[NASZ WYWIAD] Konsekwencje embarga na rosyjską ropę. „Ograniczenie lub nawet utrata potencjału wydobywczego Rosji”

Jeżeli okazałoby się, że po stronie rosyjskiej zachodzi konieczność np. ograniczenia wydobycia ropy ze względu na to embargo, to straty mogą być niepomiernie większe, niż tylko w zakresie utraty dochodów ze sprzedaży tego surowca. Jeżeli Rosjanie wstrzymywaliby wydobycie, albo ograniczali, to zachodzi ryzyko, że duża część ich potencjału wydobywczego zostanie zaburzona co najmniej na kilka lat, a niektóre miejsca być może na dekady lub nawet bezpowrotnie zostaną utracone, jako miejsca wydobycia ropy naftowej – powiedział w rozmowie z Filarybiznesu.pl ekspert ds. energetyki Jakub Wiech, komentując decyzję UE o nałożeniu sankcji na rosyjską ropę.

Przywódcy Unii Europejskiej w nocy z poniedziałku na wtorek na szczycie w Brukseli porozumieli się m.in. w sprawie zakazu importu rosyjskiej ropy do państw Wspólnoty drogą morską. Ukraińska agencja UNIAN powołując się na szacunki agencji Bloomberga poinformowała, że w efekcie embarga Rosja straci ok. 10 mld USD rocznie. Według Bloomberga, gdy embargo zacznie obowiązywać, Rosja będzie zmuszona sprzedawać swoją ropę do Azji, gdzie surowiec ten jest tańszy – jego cena jest niższa o około 34 USD za baryłkę. Zgodnie z deklaracjami KE, dostawy rosyjskiej ropy drogą morską stanowią około 2/3 rosyjskiego importu ropy.

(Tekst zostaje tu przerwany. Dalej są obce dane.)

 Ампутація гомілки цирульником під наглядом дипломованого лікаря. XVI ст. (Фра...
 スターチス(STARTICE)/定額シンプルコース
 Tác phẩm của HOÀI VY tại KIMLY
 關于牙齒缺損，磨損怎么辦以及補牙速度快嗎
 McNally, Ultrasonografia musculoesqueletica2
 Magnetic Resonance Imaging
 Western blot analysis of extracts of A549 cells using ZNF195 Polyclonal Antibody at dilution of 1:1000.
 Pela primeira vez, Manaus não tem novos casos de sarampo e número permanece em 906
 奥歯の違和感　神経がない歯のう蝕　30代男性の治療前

Ekspert ds. energetyki (portal Energetyka24.pl i Defence24.pl) Jakub Wiech przyznał w rozmowie z Filarybiznesu.pl, że trudno jest obecnie ocenić skutki unijnego embarga na import rosyjskiej ropy, ponieważ „nie znamy jeszcze dokładnego układu procentowego, jeżeli chodzi o jej przesył drogą morską i drogą lądową”.

– Dane, którymi się posiłkuje KE, mówiąc o skali embarga to jest informacja z zeszłego roku, gdzie faktycznie 2/3 dostaw było realizowanych drogą morską. Obecnie ta proporcja jest zapewne inna, ale ponieważ nie dysponujemy jeszcze raportem za II kwartał 2022 r., który by pokazywał, ile ropy i jaką drogą jest przesyłane, trudno powiedzieć jak to obecnie wygląda – zaznaczył.

Przypomniał, że wiele państw UE podejmowało już wcześniej wysiłki na rzecz wyhamowania odbioru tego surowca, „natomiast cały czas jest jeszcze trudno określić ich zakres”.

– Pani Ursula Von der Leyen zapewnia, że od końca 2022 roku 90 proc. puli rosyjskich dostaw do UE będzie objęte sankcjami. Nie wiem, czy to jest prawda i trudno to zweryfikować, bo nie ma jeszcze danych dotyczących tego, ile ropy tłoczono do UE i za pośrednictwem jakich technologii i rozwiązań infrastrukturalnych po rozpoczęciu 24 lutego pełnoskalowej inwazji na Ukrainę. Z tego względu te wyliczenia są obarczone pewnym błędem – wyjaśnił.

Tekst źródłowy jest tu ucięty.